La cassata siciliana avrebbe una radice millenaria ricollegata al culto religioso del sole, dove la forma rotonda del dolce simboleggiava elemento di fertilità, rinascita e resurrezione.
Una preparazione antenata della cassata sembrerebbe essere quella raffigurata su un’elegante vassoio dipinto in una parete della villa romana di Oplontis (Torre Annunziata).
Il nome avrebbe provenienza incerta. Per alcuni deriverebbe dal latino “caseus” (formaggio), per altri dall’arabo “qas’at” (scodella grande e profonda).
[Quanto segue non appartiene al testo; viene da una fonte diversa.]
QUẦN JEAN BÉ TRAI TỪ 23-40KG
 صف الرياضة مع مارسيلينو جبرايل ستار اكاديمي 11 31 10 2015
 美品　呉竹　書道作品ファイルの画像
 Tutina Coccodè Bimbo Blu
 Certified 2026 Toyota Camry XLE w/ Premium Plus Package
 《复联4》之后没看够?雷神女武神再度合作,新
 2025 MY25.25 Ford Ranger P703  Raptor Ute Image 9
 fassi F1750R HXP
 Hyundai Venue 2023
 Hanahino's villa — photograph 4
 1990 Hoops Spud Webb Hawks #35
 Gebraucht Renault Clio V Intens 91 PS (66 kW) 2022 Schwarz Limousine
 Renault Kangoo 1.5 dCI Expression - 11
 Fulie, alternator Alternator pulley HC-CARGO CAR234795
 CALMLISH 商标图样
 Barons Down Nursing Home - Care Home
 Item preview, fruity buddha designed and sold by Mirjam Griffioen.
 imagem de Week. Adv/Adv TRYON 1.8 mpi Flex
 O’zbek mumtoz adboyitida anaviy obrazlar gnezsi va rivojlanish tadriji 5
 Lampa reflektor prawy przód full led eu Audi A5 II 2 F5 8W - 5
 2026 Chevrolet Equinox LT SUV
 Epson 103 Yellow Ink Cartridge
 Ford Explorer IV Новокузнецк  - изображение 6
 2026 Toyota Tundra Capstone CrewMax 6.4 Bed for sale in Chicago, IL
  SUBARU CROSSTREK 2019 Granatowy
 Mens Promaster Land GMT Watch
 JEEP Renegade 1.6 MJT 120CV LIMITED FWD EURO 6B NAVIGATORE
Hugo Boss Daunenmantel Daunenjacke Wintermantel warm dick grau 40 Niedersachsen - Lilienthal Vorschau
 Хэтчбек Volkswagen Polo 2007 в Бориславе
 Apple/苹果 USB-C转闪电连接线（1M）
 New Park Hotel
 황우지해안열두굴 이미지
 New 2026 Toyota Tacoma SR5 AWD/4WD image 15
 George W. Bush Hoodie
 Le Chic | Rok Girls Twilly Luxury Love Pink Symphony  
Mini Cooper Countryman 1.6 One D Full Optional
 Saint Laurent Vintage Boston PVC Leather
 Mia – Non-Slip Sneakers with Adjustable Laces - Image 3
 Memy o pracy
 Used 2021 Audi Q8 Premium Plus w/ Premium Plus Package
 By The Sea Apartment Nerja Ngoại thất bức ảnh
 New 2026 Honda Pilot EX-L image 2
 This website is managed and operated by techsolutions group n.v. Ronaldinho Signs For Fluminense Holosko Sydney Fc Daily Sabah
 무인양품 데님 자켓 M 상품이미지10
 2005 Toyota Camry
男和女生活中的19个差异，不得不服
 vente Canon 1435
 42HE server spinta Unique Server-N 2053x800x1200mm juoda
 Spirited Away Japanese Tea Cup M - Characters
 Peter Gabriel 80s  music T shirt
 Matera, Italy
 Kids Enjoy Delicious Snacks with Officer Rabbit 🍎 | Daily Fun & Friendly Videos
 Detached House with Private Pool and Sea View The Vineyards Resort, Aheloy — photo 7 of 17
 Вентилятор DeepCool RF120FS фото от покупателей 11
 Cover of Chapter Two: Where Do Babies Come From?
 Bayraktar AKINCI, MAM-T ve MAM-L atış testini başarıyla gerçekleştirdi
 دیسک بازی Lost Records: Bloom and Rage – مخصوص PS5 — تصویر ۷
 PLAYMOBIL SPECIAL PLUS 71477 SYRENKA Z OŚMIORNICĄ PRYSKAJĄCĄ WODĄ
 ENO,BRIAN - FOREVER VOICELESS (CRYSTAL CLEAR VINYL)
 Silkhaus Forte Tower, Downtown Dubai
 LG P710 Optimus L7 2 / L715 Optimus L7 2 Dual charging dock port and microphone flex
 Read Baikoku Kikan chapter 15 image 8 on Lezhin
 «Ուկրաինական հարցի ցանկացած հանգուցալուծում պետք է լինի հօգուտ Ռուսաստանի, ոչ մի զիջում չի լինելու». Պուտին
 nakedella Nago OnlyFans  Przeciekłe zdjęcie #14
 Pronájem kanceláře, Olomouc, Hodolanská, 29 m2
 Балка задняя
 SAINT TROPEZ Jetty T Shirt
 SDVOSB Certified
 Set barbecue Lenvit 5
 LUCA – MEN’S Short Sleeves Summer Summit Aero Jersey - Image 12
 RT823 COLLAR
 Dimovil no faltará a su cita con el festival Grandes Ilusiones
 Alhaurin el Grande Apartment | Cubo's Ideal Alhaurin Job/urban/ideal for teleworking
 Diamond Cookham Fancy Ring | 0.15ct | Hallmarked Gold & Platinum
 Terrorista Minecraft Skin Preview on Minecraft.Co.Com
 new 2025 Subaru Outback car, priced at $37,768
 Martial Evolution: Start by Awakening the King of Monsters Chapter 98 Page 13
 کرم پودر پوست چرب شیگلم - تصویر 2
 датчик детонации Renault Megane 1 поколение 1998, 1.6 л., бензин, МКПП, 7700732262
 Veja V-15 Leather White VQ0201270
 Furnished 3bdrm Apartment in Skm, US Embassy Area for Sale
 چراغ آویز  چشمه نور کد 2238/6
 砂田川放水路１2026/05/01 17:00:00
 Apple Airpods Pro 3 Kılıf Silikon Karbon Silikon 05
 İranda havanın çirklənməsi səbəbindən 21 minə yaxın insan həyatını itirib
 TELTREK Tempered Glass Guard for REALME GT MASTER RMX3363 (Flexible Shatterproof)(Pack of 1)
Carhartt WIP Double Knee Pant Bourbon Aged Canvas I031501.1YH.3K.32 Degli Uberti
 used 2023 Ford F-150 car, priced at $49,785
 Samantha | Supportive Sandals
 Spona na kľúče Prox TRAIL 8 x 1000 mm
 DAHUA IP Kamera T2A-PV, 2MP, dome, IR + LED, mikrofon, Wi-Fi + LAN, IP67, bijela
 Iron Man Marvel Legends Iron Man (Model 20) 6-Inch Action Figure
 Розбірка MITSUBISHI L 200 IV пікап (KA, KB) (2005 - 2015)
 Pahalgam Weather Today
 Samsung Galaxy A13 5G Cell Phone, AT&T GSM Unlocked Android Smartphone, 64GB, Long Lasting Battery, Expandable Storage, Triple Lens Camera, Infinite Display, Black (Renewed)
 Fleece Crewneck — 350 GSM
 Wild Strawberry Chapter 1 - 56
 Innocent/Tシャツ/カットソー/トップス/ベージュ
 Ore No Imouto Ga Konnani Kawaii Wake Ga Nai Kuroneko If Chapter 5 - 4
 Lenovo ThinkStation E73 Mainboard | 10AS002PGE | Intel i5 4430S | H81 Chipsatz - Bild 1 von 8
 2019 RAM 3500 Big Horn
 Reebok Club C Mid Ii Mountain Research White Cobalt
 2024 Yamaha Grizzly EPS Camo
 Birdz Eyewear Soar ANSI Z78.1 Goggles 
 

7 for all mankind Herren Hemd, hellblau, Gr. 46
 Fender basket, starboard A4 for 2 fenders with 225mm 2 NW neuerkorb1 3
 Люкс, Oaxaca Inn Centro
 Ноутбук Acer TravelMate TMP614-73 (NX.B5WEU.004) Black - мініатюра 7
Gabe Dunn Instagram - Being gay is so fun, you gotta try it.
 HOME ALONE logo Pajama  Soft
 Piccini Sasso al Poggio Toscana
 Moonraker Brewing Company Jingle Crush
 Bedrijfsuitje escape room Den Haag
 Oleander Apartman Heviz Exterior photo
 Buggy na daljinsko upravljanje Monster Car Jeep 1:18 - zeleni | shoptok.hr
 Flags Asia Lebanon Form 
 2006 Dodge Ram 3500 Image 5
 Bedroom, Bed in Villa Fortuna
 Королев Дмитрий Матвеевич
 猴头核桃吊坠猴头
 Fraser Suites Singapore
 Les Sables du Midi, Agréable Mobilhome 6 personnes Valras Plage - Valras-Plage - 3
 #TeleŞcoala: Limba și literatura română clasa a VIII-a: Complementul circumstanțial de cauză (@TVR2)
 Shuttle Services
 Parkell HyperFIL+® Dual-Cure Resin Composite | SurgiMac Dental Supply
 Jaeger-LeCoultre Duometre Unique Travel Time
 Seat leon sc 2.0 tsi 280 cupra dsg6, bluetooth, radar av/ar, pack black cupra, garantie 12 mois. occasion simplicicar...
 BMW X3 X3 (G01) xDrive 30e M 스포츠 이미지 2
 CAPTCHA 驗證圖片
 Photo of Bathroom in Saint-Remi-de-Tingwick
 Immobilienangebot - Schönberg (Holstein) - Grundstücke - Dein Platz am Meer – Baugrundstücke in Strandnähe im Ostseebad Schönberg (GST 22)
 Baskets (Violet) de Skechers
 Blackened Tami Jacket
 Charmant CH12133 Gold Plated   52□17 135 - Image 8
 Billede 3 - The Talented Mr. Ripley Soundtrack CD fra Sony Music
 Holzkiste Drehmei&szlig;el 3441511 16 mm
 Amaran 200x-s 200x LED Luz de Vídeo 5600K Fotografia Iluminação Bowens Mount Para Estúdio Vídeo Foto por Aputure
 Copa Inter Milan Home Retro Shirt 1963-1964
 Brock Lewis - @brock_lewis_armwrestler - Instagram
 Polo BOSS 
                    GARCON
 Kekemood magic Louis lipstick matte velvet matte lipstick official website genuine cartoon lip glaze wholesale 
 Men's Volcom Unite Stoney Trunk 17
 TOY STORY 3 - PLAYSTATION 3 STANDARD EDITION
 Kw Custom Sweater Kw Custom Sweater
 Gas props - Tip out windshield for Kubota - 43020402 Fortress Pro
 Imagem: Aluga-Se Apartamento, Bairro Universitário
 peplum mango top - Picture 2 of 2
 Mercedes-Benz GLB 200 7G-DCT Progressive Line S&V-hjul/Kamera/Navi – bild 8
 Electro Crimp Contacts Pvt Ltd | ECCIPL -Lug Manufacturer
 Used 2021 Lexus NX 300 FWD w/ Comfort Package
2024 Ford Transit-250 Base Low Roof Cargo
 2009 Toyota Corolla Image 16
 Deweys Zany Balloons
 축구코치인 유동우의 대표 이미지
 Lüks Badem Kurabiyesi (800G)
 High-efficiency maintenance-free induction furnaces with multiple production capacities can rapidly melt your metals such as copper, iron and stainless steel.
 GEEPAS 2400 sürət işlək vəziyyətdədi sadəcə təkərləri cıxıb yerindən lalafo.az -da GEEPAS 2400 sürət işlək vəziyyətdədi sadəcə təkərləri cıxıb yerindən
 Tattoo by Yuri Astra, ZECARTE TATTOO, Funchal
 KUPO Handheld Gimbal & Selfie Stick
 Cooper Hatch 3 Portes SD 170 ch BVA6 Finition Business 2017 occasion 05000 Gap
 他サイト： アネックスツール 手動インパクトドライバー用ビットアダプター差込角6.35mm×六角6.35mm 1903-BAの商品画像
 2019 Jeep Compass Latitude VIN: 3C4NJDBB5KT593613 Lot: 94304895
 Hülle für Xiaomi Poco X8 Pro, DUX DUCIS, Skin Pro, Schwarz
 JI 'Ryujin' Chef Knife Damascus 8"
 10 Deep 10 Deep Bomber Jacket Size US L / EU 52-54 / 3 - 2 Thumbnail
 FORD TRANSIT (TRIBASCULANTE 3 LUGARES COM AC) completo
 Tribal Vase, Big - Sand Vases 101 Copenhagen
In ogni caso, questo dolce è nato dall’incontro delle due culture: la ricotta ingrediente del mondo pastorale romano, la pasta di mandorle e i canditi elementi della società araba.
Durante il Medioevo l’arte di fare la cassata trovò le sue eccelse interpreti nelle suore di Valverde che in cambio di offerte l’impastavano per i nobili palermitani ghiotti di consumarla nel giorno di Pasqua.
Un curioso aneddoto rimanda a documenti del Sinodo diocesano di Mazara del Vallo, che nel 1575 proibivano la preparazione della cassata nei monasteri durante la settimana pasquale, per non distrarre le monache benedettine dalle pratiche religiose.